Il faut aussi connaître son ennemi. Cela revient le plus souvent à connaitre les doctrines employées par les armées qu’on est censé affronter. Celles-ci façonnent largement la manière d’agir de ceux qui les commandent et de leurs forces. Tout au long de l’ouvrage l’auteur fait référence aux diverses doctrines en vigueur dans les armées françaises ou américaines, mais aussi, aussi surprenant que cela puisse paraître dans l’armée soviétique. On peut ainsi les comparer et apprécier la manière dont elles ont pu influencer les diverses interventions armées de ces dernières années, en particulier pour la doctrine militaire américaine.

Réfléchir sur la doctrine ennemie semble plus difficile lorsque l’on est opposé à des combattants irréguliers (un ennemi non structuré). Pourtant, on peut trouver un certain nombre de points communs aux modes d’actions de telles forces qui permettent de dresser une liste d’options possibles, tout au moins au niveau tactique.

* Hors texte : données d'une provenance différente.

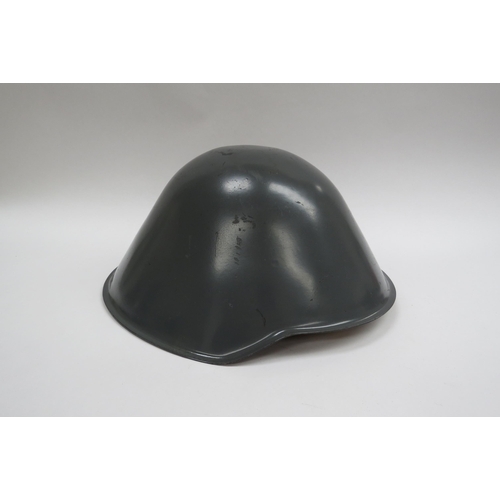 8141 - An East German helmet, a French M78 F1 helmet, together with three others (5)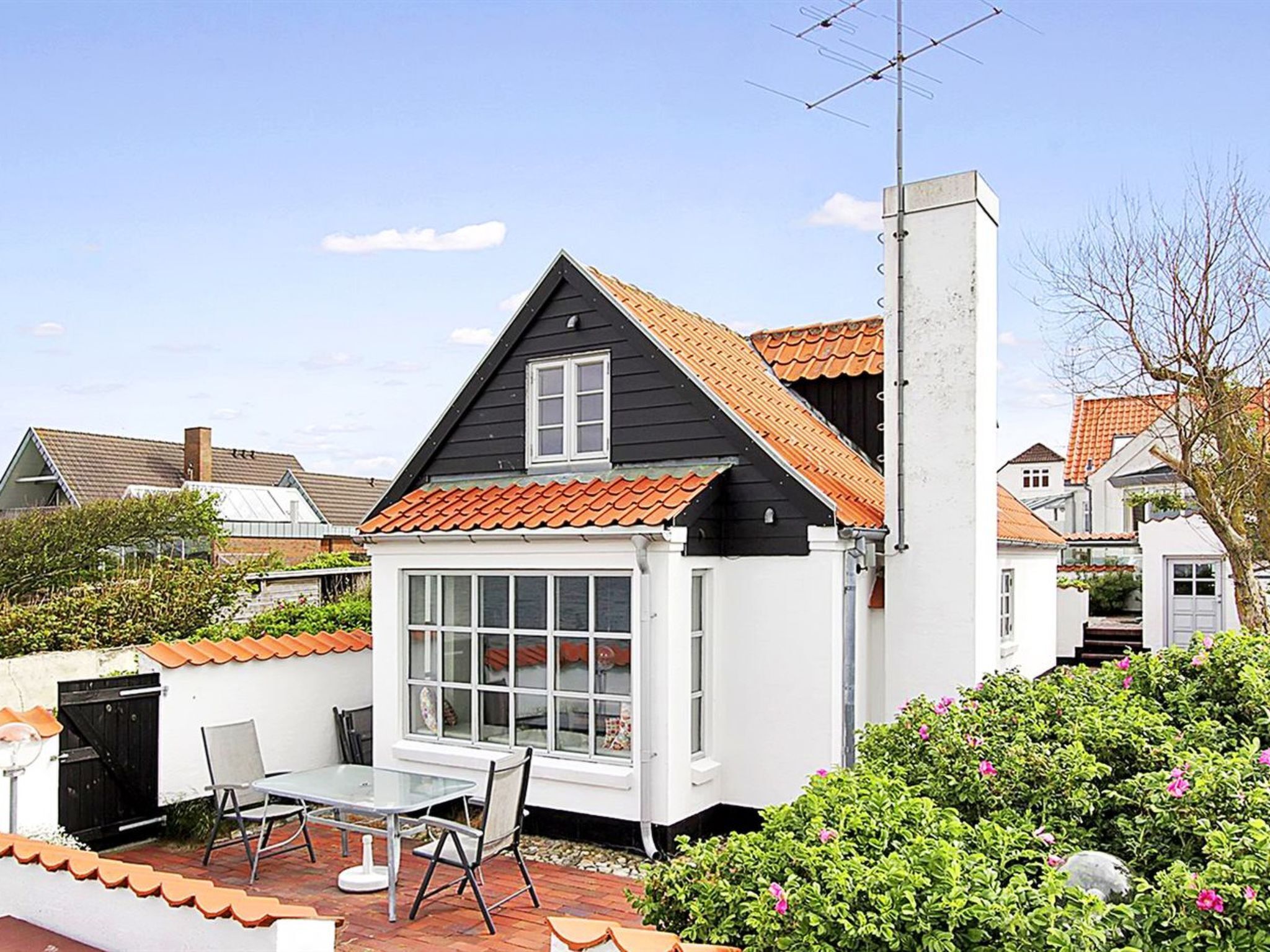 Une maison avec un toit noir, des murs blancs et un petit patio avec une table et des chaises.
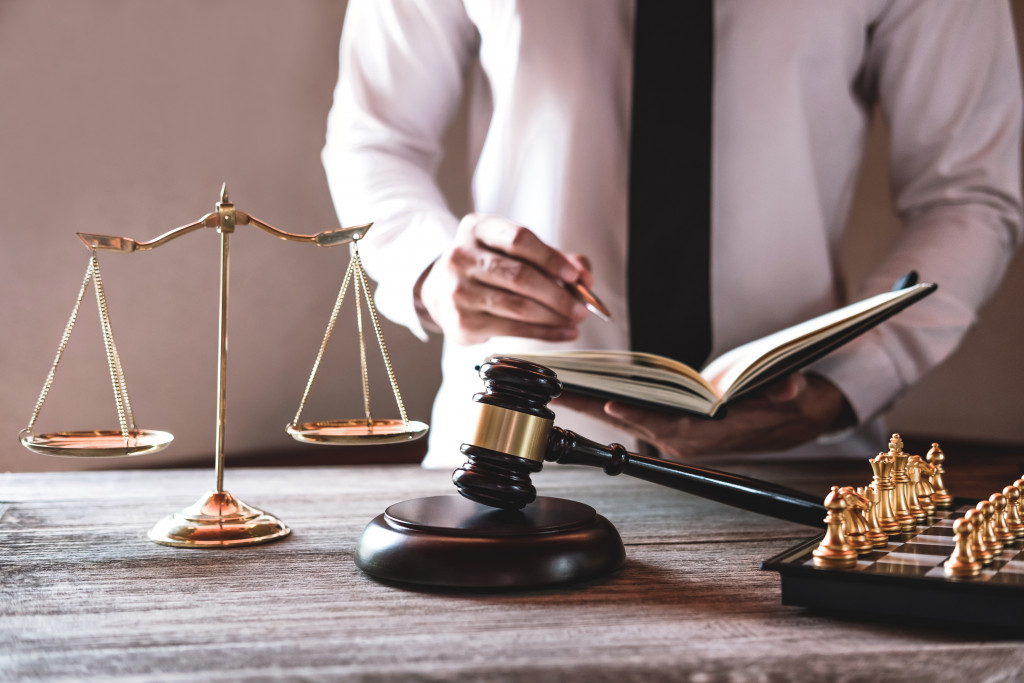 Gavel on wooden table and lawyer working with agreement in courtroom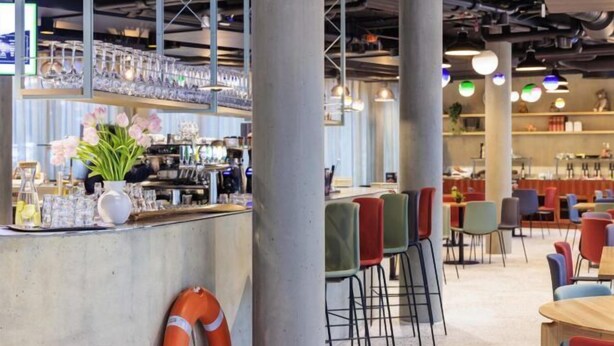 Un interno moderno con angolo bar, posti a sedere e attrezzature da cucina a vista.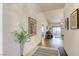 Inviting hallway with tile flooring and decorative art leads to the living room with hardwood floors at 10553 Pine Pointe Ave # 203, Las Vegas, NV 89144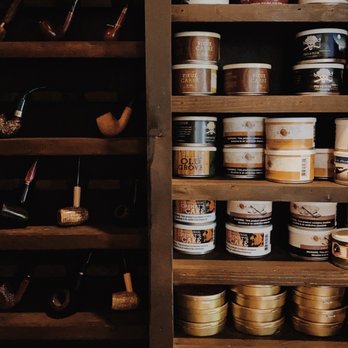 Spring Street Cigars - shelves of tobacco and tobacco pipes - Cigar Bars Near Me - Oxford, Mississippi Spring Street Cigars - shelves of tobacco and tobacco pipes - Cigar Bars Near Me - Oxford, Mississippi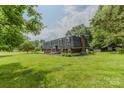 Spacious home with a well-manicured lawn and mature trees offering plenty of shade at 1867 Shannon Dr, Conover, NC 28613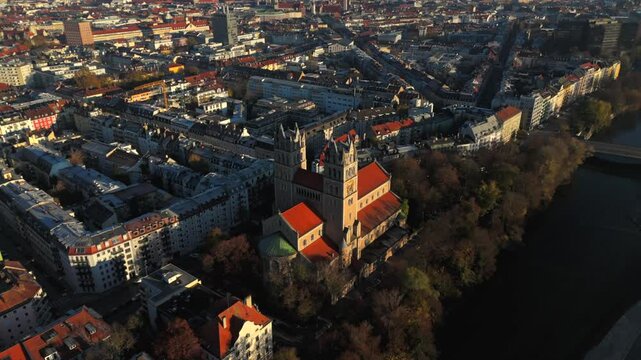 Kath. Pfarramt St. Maximilian Katholische Kirche in Munchen, Bayern, Deutschland Luftaufnahme. Aerial view of St. Maximilian in Munich with distinctive towers at sunrise, surrounded by autumn colors.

Enfin, la maîtrise du temps est essentielle au succès de l’opération. Il s’agit de connaître la durée d’efficacité des troupes (le temps qu’elles peuvent combattre, ou celui nécessaire pour effectuer un trajet) ainsi que la fréquence avec laquelle on peut leur demander de reproduire leur effort. C’est en fonction de cela que seront définis la séquence des opérations et le moment le plus opportun pour saisir l’initiative et imposer son effet majeur à l’adversaire. Celui-ci garantissant alors la victoire.

La preuve par l’exemple.

L’auteur illustre son ouvrage de 38 vignettes réparties dans les différents chapitres Autant d’exemples historiques qui permettent d’appuyer un raisonnement selon lequel les conflits futurs ne seront pas tous des conflits asymétriques mais plutôt des guerres lacunaires comme l’ont été la guerre de sécession ou les conflits napoléoniens. En effet, l’évolution des technologies, la réduction du format de la plupart des forces armées, rend peu probable (dans un premier temps du moins), la formation de fronts linéaires comme on l’avait vu lors des deux derniers conflits mondiaux. De plus, l’échelle choisie (le niveau tactique) rend transposable aux conflits asymétriques les théories de l’auteur.

Les parties de l’ouvrage consacrées à l’offensive et à la défensive permettent également de passer en revue toutes les postures possibles en matière de combat. Comme il se doit, c’est la partie la plus illustrée par des « coups » illustres.

En conclusion

 

L’ouvrage du général Yakovleff est avant tout destiné à des militaires. Il fait partie des ouvrages destinés à rentrer dans toute bibliothèque stratégique

Mais la richesse de son propos, la présence de nombreux exemples historiques et de schémas, le rend accessible à ceux qui sont intéressés par l’histoire militaire ou qui voudraient comprendre les dynamiques des affrontements contemporains. De par l’importance accordée à l’importance du facteur humain (pour la prise de décision ultime, pour l’aspect moral) et à la saisie de l’initiative font qu’une grande partie de son raisonnement pourrait être intéressante à tout amateur de stratégie, sportif ou joueur de wargame.